It has been acknowledged that the increase in atmospheric CO2 accumulation is the direct source of global warming (Clark et al., 2016). It has become a serious concern worldwide for the research community to find out ways how to diminish CO2 emissions to mitigate global warming efficiently. In 2016, China formally joined PCCA and pledged to drop CO2 emissions per unit of GR by 60%–65% by 2030. The low-carbon economy deals with ecological issues, energy threats and provides directions for economic development. Under these circumstances, China is shifting toward raising its REN and nuclear energy consumption, as these fuels contribute less to generate CO2 radiations than conventional energy (Zhao et al., 2017). The generation capacity of nuclear power in China is approximately 40 million kWh and 45.66 million KW is installed; it will reach 18.1% in 2050 (Xiao-ding et al., 2021). At the same time, REN use in China adheres amplified from 5 Mtoe in 1965 to 349.2 Mtoe in 2016, an increment of approximately 70 times (Figure 2) (NDRC, 2016).
FIGURE 2
The use of REN sources has appeared as a significant candidate in a universal EC mix that has the capacity to emit a smaller amount or no carbon and thus can be supportive of declining GHG emissions. With the development of RE in considerations of a sustainable energy prospect, it is necessary to recognize the active task of clean energy together with effective fossil fuel EC in carbon decrement and climate change alleviation policies. Global primary energy raised up to 2.9% in 2018—the agile progression since 2010. Simultaneously, previous year’s energy-linked CO2 discharges increase by 1.7% to a historic extreme of 33 Gigatonnes (Zhai et al., 2020). Regardless of the evolution of 7% in REN electricity production, emanations from the power segment grew to record levels. This surge was generally caused by China, the US, and India, which collectively caused two-thirds of this intensification. The increase in EC was also revealed through all the fuels, the majority of which rose more intensely than their past averages. This escalation was specifically evident in natural gas demand, which enlarged 5.3%, one of its highest surge proportions for 30 years, regarded as approximately 45% of the total hike in worldwide EC. Coal demand (1.4%) also enhanced for second successive year, subsequent 3 years of decays. Expansion in REN (14.5%) alleviated a little as previous trends even though it persisted as a rapidly emerging global energy source. The shifts in FFs consumption also influenced the fuel mix. The coal and oil demand manifested a growing trend in 2018. This surge was mainly dominated in Asia, mainly in China and India (Wolde-Rufael and Idowu, 2017).
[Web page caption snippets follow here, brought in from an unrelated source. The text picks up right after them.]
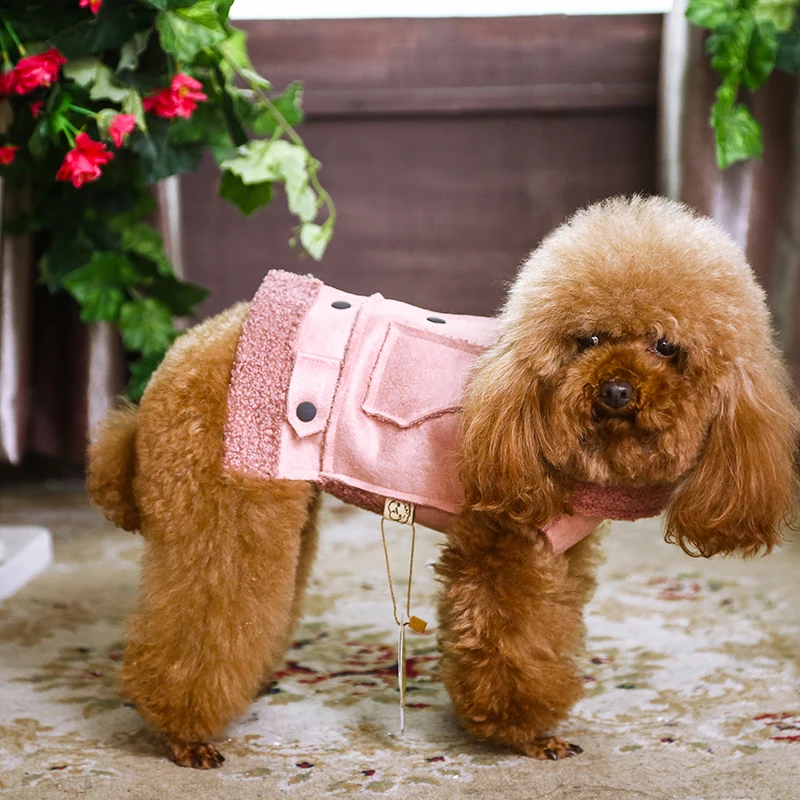 Горячая Распродажа зимнее пальто для собак теплый шерстяной жилет щенков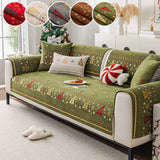 Red Christmas Tree Sofa Cushion - All Season Anti-Slip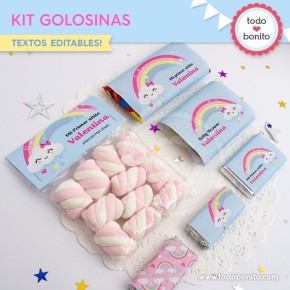 Lluvia de amor: kit etiquetas de golosinas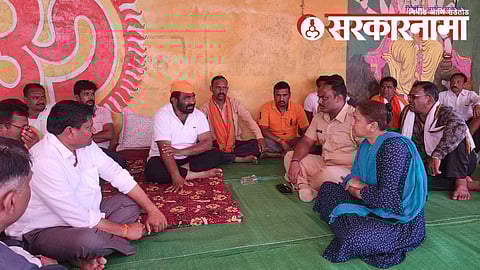 MLA Nitin Deshmukh at Dhamna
It has been generally recognized that REN is a typical source for generating energy. The anticipated segment of REN in worldwide energy production was beyond 26% by the conclusion of 2018. Net capability extensions for REN were greater than FEC and nuclear together for fourth succeeding years, REN currently resolves more than one-third of universal established power capability (Smith, 2017; Gielen et al., 2019). In China, power generation from REN sources extended 1870 TWh in 2018, an escalation of 170 TWh and accounting for 26.7% of the nation’s aggregate. Hydro backed 1200 TWh (3.2%), wind power—466 TWh (up 20%), PV power—177.5 TWh (up 50%), and biomass account—90.6 TWh (up 14%) (Kohl, 2019). Figure 3 indicates the difference in aggregate generation of FEC and non-FEC in China (88.2%, 11.8%), United States (86%, 14%), and global (85.9%, 14.1%) is not noteworthy.
FIGURE 3
In this context, clean and alternative energy sources and innovations are deemed indispensable to reduce reliance on fossil fuels because it will help achieve environmental sustainability globally and aid in achieving sustainable development goals.
Literature Review
This section reviews the relationship between the source of GHG emissions and its recommended relation with the alleviation policies. It is composed of the connection between CO2 with disaggregated energy sources, technological innovation, political-institutional quality, GR and FD in China for a period of 1995–2017. FEC is produced by natural practices, e.g., anaerobic decay of buried deceased organisms. They are hydrocarbons and comprise oil, coal, and natural gas. They are conventional energy resources as they require millions of years to develop, and their supplies are becoming exhausted more rapidly than new ones are being revealed.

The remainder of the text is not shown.